Credit for http-analyze must be given to RENT-A-GURU(Reg.) in all
derived works. This does not affect your ownership of the derived
work itself, and the intent is to assure proper credit for RENT-A-
GURU(Reg.), not to interfere with your use of this software. If you
have questions, ask.
You may use this software at no cost on any installation, even at
commercial sites. However, IT IS STRICTLY FORBIDDEN to sell or lease
this software in whole or in part or to include it in whole or in part
in a commercial product. If you plan to run http-analyze on a
commercial installation and you need support, or if you would like to
bundle the program with your products, you must sign an appropriate
license agreement available from RENT-A-GURU(Reg.).
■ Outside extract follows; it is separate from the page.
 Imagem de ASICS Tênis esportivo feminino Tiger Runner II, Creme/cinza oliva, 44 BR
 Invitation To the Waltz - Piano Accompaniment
Please send an
email to <office@rent-a-guru.de>.
RENT-A-GURU(Reg.) is a registered trademark of Martin Weitzel, Stefan
Stapelberg, and Walter Mecky.
AUTHOR
Stefan Stapelberg, <stefan@rent-a-guru.de>
CREDITS
Thanks to the over 50 beta testers of http-analyzes for their
feedback.
Special thanks to <Lars-Owe.Ivarsson@its.uu.se> for his suggestions to
optimize the parser algorithm and the code he provided as an example.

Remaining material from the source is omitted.